# What Monitors Do You/Have You Owned?



## Bigblackdog (May 27, 2006)

Got my 1st Monitor today, a beautiful juvie male V.scalaris from *boa*, and I'm totally fascinated by his behaviour (the monitor's, not boa's) 
Apart from (almost) already proving himself to be an adept escape-artist, just the way he's exploring & probing everything is amazing.
I was totally blown away to see the little bugger support himself with his tail while all 4 legs scrabbled at the side of the tank.

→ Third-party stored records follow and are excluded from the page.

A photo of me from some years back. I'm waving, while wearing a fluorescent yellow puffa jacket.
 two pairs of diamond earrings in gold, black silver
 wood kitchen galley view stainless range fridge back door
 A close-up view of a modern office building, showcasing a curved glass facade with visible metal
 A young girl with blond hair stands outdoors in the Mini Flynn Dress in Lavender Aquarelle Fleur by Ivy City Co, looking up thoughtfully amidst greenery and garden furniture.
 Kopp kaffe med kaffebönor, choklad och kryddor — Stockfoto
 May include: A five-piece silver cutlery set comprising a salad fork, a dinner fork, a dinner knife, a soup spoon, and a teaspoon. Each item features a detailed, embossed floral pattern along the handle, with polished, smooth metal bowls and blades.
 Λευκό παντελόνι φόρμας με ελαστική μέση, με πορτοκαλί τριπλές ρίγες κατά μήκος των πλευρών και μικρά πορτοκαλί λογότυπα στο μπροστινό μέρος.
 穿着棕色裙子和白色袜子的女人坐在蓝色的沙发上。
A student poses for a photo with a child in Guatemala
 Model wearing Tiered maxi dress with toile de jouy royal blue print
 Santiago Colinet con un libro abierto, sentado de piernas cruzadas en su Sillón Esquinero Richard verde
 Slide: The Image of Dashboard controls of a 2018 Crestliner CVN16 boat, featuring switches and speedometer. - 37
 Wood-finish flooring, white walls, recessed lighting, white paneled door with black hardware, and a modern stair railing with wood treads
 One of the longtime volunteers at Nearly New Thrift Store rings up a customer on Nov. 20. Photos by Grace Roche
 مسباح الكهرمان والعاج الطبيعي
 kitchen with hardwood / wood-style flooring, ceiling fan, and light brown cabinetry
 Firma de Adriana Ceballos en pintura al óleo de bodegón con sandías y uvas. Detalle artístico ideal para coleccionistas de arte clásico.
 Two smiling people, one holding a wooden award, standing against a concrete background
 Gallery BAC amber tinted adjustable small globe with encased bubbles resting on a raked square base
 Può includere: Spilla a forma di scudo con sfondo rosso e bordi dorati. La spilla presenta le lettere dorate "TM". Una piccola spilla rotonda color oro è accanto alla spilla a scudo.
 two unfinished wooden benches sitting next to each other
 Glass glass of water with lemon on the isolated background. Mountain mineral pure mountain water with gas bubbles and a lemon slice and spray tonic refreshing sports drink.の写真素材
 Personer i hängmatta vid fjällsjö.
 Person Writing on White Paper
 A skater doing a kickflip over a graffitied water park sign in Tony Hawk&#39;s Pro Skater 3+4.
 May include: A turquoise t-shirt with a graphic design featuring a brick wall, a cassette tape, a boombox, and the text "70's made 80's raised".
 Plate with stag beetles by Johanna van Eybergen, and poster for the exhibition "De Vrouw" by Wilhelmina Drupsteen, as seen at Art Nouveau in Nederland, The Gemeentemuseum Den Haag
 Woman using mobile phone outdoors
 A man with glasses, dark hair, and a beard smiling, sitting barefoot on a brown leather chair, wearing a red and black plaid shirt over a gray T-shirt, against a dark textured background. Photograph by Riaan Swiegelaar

I've got a pair of Storrs lined up in a couple of months, but am just curious to others thoughts/experiences with monitors.

Pics always welcome!

Anyone got Lacies?


----------



## peterjohnson64 (May 27, 2006)

Yep


----------



## serpenttongue (May 27, 2006)

I have 4 Lacies  Unreal lizards. You can get attached to them very quickly and become mesmerized by the innocence in their eyes. I love it when they're basking lazily like a big, old dumb dog that looks up only with it's eyes because it can't be bothered raising it's head. They're just like that, bless 'em  .


----------



## Bigblackdog (May 27, 2006)

That is probably the best herp picture I've ever seen!
It looks like my 75kg Bull Arab, Akuma, only wearing a lizard skin coat! :lol: 

How big an enclosure do you have the lacies in?
It looks like indoors? :?


----------



## serpenttongue (May 27, 2006)

Yeah it's indoors. That lacey is only 1m long. The enclosure is 1.4m long, 50cm high, 65cm wide. Here's another pic


----------



## FAY (May 27, 2006)

Fantastic pics ST, they sure look spoilt.
We have varanus primordius.......just love 'em!


----------



## peterjohnson64 (May 27, 2006)

Are yorus staying inside Serpenttongue? I am starting to consider keeping mine inside ebcause, as you say, they are so cool. and I know that all lizards go a bit wild when kept outside. My young Bells is gettign some real character now. He stayed out last night and just kept checking us out.


----------



## serpenttongue (May 27, 2006)

Nah Pete, mine will go outdoors in a year or so. Can't wait to see them roam their outdoor enclosure. Your Bells looks really good. They look awesome when they stretch their head up like that. My 4 Lacies are the common form but 2 of them carry the Bells gene, so i hope to get Bells and Common form Lacies when/if they breed.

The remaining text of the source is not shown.